The SPBT have used two of Swan Lake, The Nutcracker or Sleeping Beauty as their backbone annual offerings in these welcome years of Brighton seasonal residencies. The third item has sometimes been a Gala but next year will be a test of their drawing power if they do not extend the formula with an alternative full-length ballet. Last year it was again Giselle, with Kolesnikova and Akulinin.
I am informed La Bayadere will come with them next year but the obstacle is that The Dome is arguably not wide enough to present their opulent court scenes and may also mitigate against presenting an Entry of the Shades to the company's desired scale. This would be a shame and possibly an inflexible denial to Brighton which is plainly a dance city, and one probably beginning to crave from the SPBT something new. Frustratingly, La Bayadere was given at Eastbourne's Congress Theatre a couple of years ago.

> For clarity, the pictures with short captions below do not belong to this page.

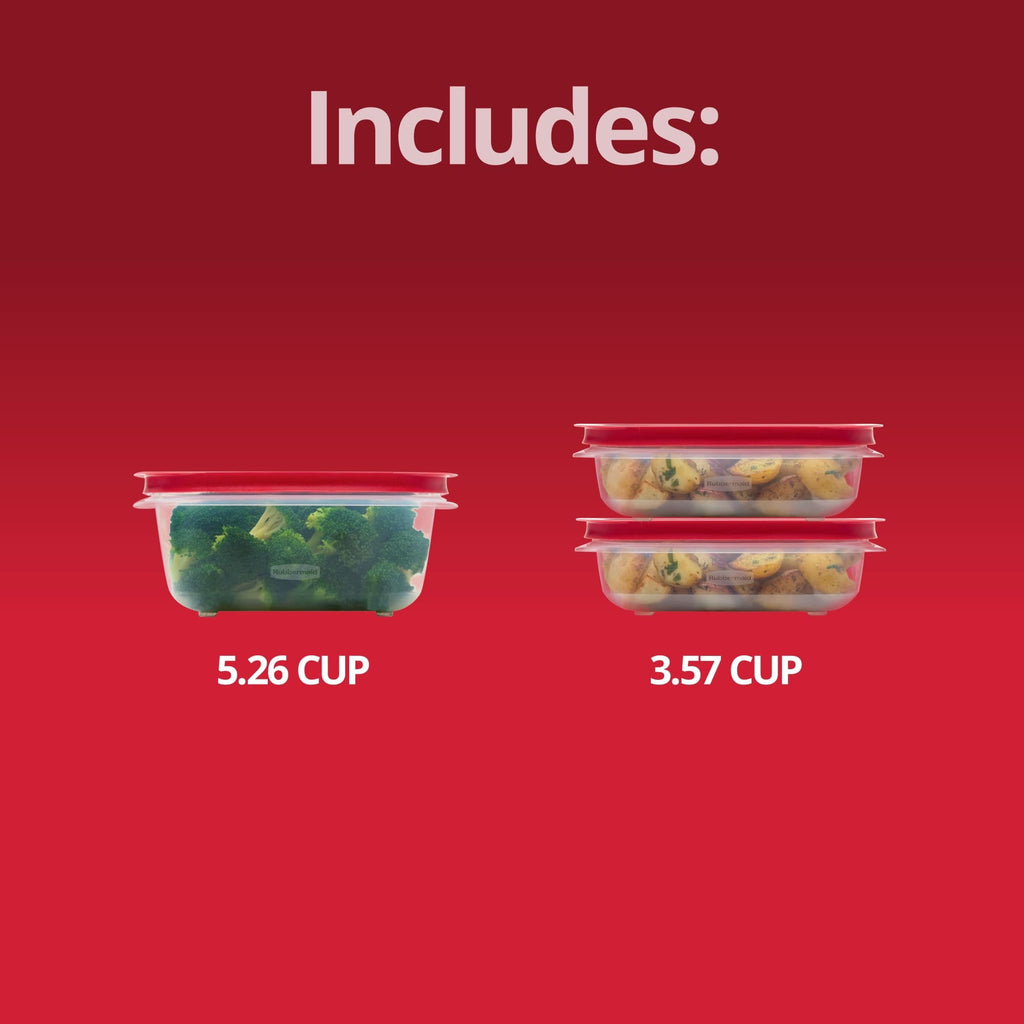 Playful Geometric 3.57-Cup (2) and 5.26-Cup EasyStore Rectangle Containers, 3 Pack, Food Storage Containers, Food Storage Containers wi... - Squishy Dohnut Sweet Treat Shaped Stress Toy Detail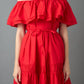 2.7 August Apparel - Off The Shoulder Ruffle Mini Dress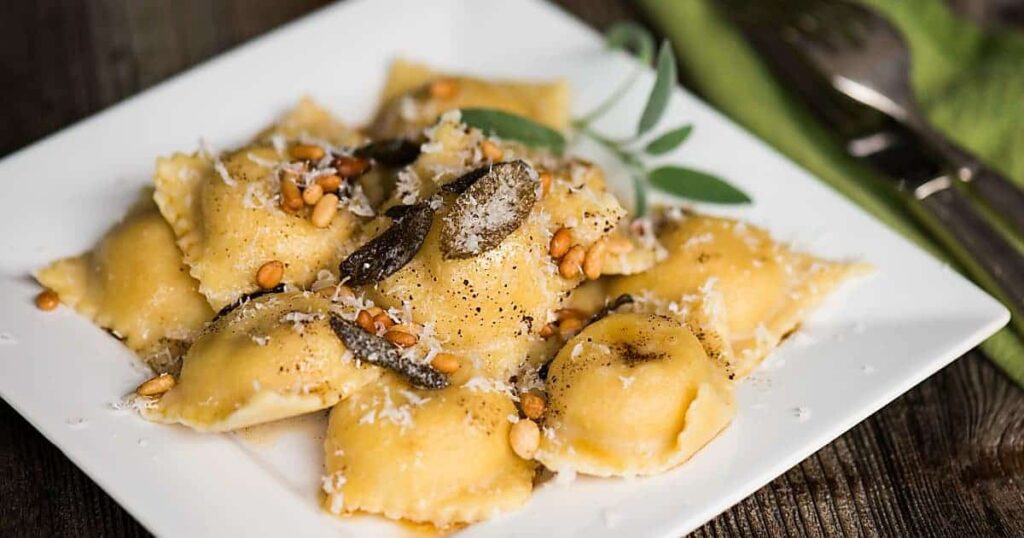 Butternut Squash Ravioli with Sage Butter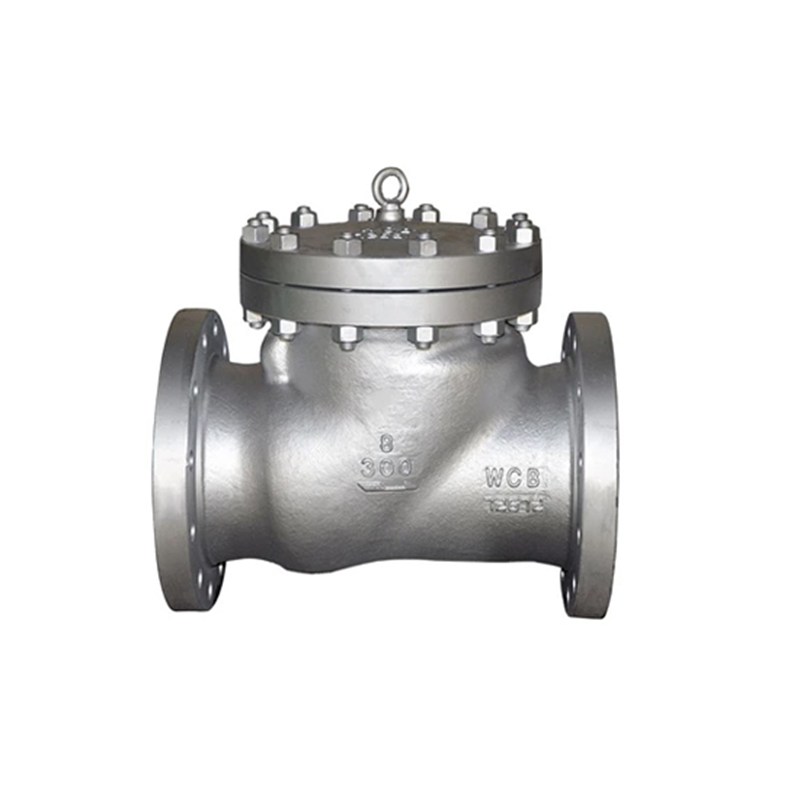 ASTM A216 WCB Swing Check Valves, API 6D, 8 Inch, CL300, RF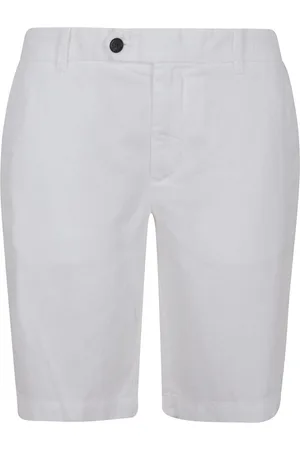 ELEVENTY Button Detailed Mid-rise Shorts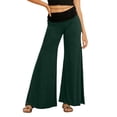 thumbnail image 2 of Palazzo Pants for Women 2026 Casual Elastic High Waist Wide Leg Flowy Yoga Pants Loose Fit Lounge Trousers, 2 of 6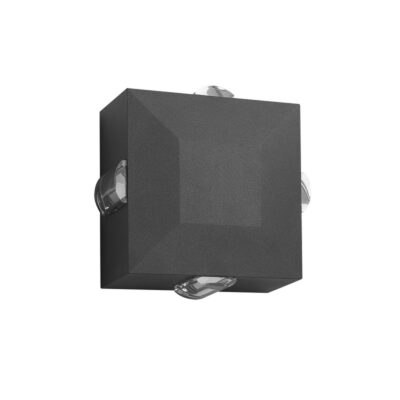 ΦΩΤΙΣΤΙΚΟ LED ΤΟΙΧΟΥ 220-240V 4W 3000K 110lm CRI>80 IP54 12.4X12.4X6cm ΑΝΘΡΑΚΙ  VK/02045/AN/W VK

But could the alternative be Don Quixote? Or what about Le Corsair? I can see some fruitful roles for the SPBT in that.
- Oleg Horutkin, one of prima ballerina's Irina Kolesnikova's new partners, broke a bone in his foot on the first night of the tour at Glasgow in October.
- Kolesnnikova was reported to have a chill just after Christmas, so missed the first Gala Night that I saw.
- Young principals Andrei Yakhniuk and Sabina Yapparova, husband and wife, have left the company.
- See elsewhere on the Dance section Richard Amey's interview with SPBT's star character dancer Dymchik Saykeev.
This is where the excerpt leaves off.